Passa uomo, passa.
E’ la nuova diaspora:
fiumi di persone spinti da fame, disperazione, guerra, carestia, sottosviluppo,
ma anche voglia di vivere una vita onesta e dignitosa. Percorrono chilometri
con ogni mezzo accompagnati solo dal loro sogno di benessere. Avranno in mente
una meta? Da dove avranno raccolto immagini o racconti di vita, della nostra,
nei cosiddetti paesi civilizzati e industriosi – chiamarli industrializzati mi
sembra ancora tanto un eufemismo -.
Si gettano, con poche
cose, spesso con le sole che riescono a indossare, tra le braccia del
destino. Sanno fare tutto e niente e non sanno cosa sia veramente la vita qui
in occidente. Hanno nel cuore una capanna, la savana e tanti animali che
nemmeno sappiamo noi come si chiamano liberi in un panorama che noi chiamiamo sogno. Hanno nelle orecchie ancora la voce del
dittatore che richiama all’ordine, all’obbedienza e minaccia chi protesta od osa
opporsi.
Loro non sanno che qui
la democrazia non è in mano al popolo; non sanno cosa sia votare con libera
coscienza; non sanno né di liste né di primarie, né tantomeno di leadership di
partito. Loro pensano ancora che a governare ci siano dei grandi uomini saggi
che come capi tribù decidono le sorti, i matrimoni, i confini.
Certo i confini: qui
sono aperti, se non c’è il filo spinato o l’esercito con i suoi potenti mezzi a
sorvegliare ,ma che spara a vista se non stai in fila.

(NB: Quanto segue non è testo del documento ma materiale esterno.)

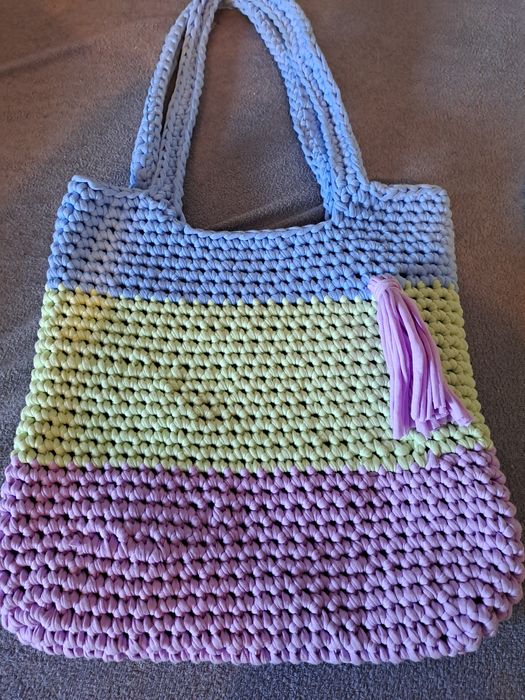 Torba robiona na szydełku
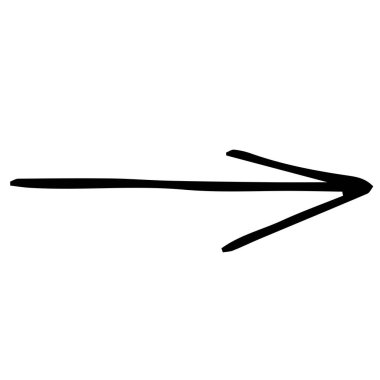 Vektör simgesi, elle çizilmiş ok, karalama.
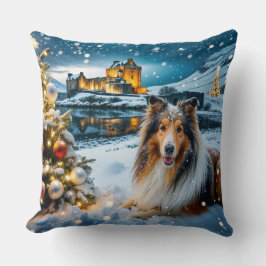 Collie Holiday Kissen
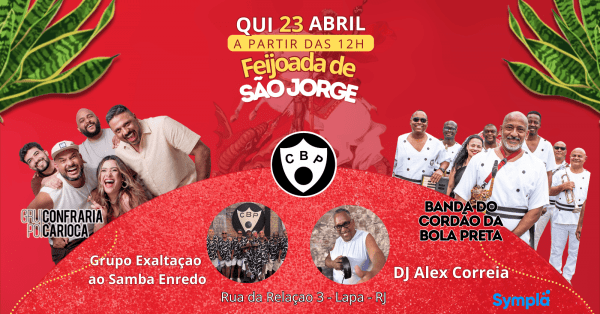 feijoada de são jorge no cordão da bola preta (foto do evento)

Altri però, invisibili se
non al radar, sono pattugliati da gente come loro, povera ma gentile, che da
una mano a traghettare su un mezzo meno instabile di un gommone. Gommoni:
sovraccarichi di merce umana si stracciano o si rovesciano al minimo movimento e
se il mare è mosso non avanzano. La scialuppa di Schettino o un relitto del
Titanic pare loro comunque una nave da crociera.
Eppure appena sbarcano
baciano la nostra terra come fosse la Mecca, la meta promessa di un Dio che non
si chiama né Cristo né Allah, né Maometto, ma è presente anche solo per
benedire il viaggio. Loro non sanno che noi a Dio non ci crediamo più, ma
continuiamo ad accendere candele votive o ad andare a messa la domenica.
Vestiti di stracci,
bagnati fradici, affamati e al limite della disidratazione continuano strenui
perché la strada continua, perché ce ne sono tanti altri che camminano dietro, che la loro
terra ormai è deserta ma non per colpa del clima. Avanzano, in fila indiana,
aiutandosi come possono. Non chiedono elemosina, ma come in quadri antichissimi
o nei racconti biblici seguono il loro capitano. Nessuno in verità guida la
ciurma e lo sbando è palese. Sembra che nessuno riesca a fermarli e che nessun
luogo sia abbastanza ospitale o accogliente. Lo sguardo perso, i ricordi appena
lasciati in mano ad aguzzini, tirano a campare per salvare capre e cavoli.
Nessuno li trattiene del resto perché qui spesso non ce n’è nemmeno per noi.
Apriamo le nostre porte per moda o perbenismo, per “così fan tutti che è
giusto”… ma se è giusto accogliere, sarebbe stato meglio reagire prima, quando
ancora la loro patria si poteva salvare, quando i nostri interessi potevano
essere meglio regolati o quando, sia pur in regime autoritario, le cose erano
mantenute entro i limiti.
Anche noi vorremmo
ribellarci, prendere le armi o solo i forconi… ma non troviamo i forconi e le
armi le abbiamo vendute, tutte. Non sappiamo alzarci e dire no, per loro, per
noi, per tutta la DEMOCRAZIA che ci hanno insegnato, bella dopo il re, disillusi
ora del grande sogno. Ne paghiamo schiavi lo scotto, ma loro questo non
lo sanno: vedono case belle (abusive), macchine lucide e potenti (rubate o in
leasing) bei vestiti e tutte le diavolerie tecnologiche impensabili (e quanto
costa farle funzionare). Loro però sorridono ai nostri bambini con i loro sono
sempre in braccio o per mano ai genitori.
Guardiamoli passare
allora come figure di un tempo che per noi è perduto e prendiamo esempio dalla
loro umanità, umiltà, volontà. Passa, uomo, passa.